Veränderungen im Umgang mit dem IDF
Ya'alon erklärte, dass er bei dem, was in Gaza geschieht, nicht mehr an die oft genannte Bezeichnung für die IDF als die „moralischste“ Armee der Welt glauben könne. „Die IDF ist heute nicht die moralischste Armee,“ sagte er. „Es fällt mir schwer, das zu sagen.“
Seine Intervention wurde von ehemaligen Militärkollegen scharf kritisiert. „Zu lügen und dem Staat Israel und der IDF zu schaden, folgt keinem Kompass – das ist Gesetzlosigkeit,“ erklärte der Politiker Benny Gantz, der ebenfalls als IDF-Stabschef diente. „Die IDF hat alles unternommen, um den Verlust ziviler Leben zu minimieren,“ fügte Naftali Bennett hinzu, der auch in der Sayeret Matkal diente. „Die Bevölkerung wird aus der Gefahrenzone zu ihrem eigenen Schutz bewegt.
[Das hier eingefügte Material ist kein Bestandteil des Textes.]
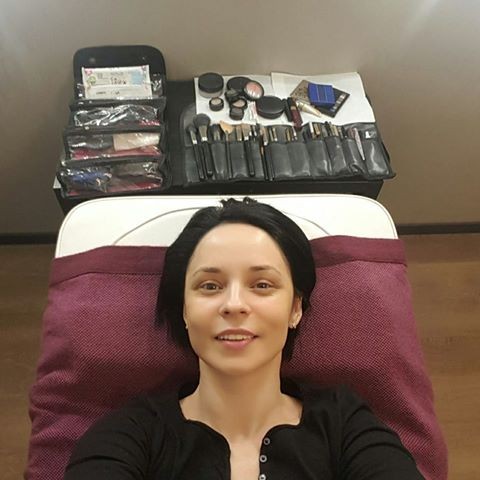 Andreea Marin, nemachiată la 43 de ani. Vedeta a răspuns provocării lansate de Corina Bud. Și-a arătat adevărata față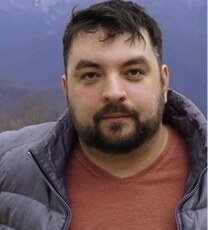 Фотография мужчины Павел, 40 лет из г. Раменское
Es ist nicht nur das Recht der IDF, sondern ihre Pflicht, das zu tun.“
Ya’alon führte an, dass Militärkommandanten möglicherweise von rein operationellen Zielen ausgehen, während die Politiker andere Pläne im Kopf haben, und seine Worte auf sie abzielten:
„Ich spreche von Soldaten, die Bevölkerungen bewegen, in der Annahme, es diene operativen Zwecken. Aber die Absicht von Smotrich, Ben Gvir, Strook und Daniela Weiss – allesamt erklärte Siedler – ist eine offene und erklärte.“
Eugenia Yosef und Mike Schwartz haben zu diesem Bericht beigetragen.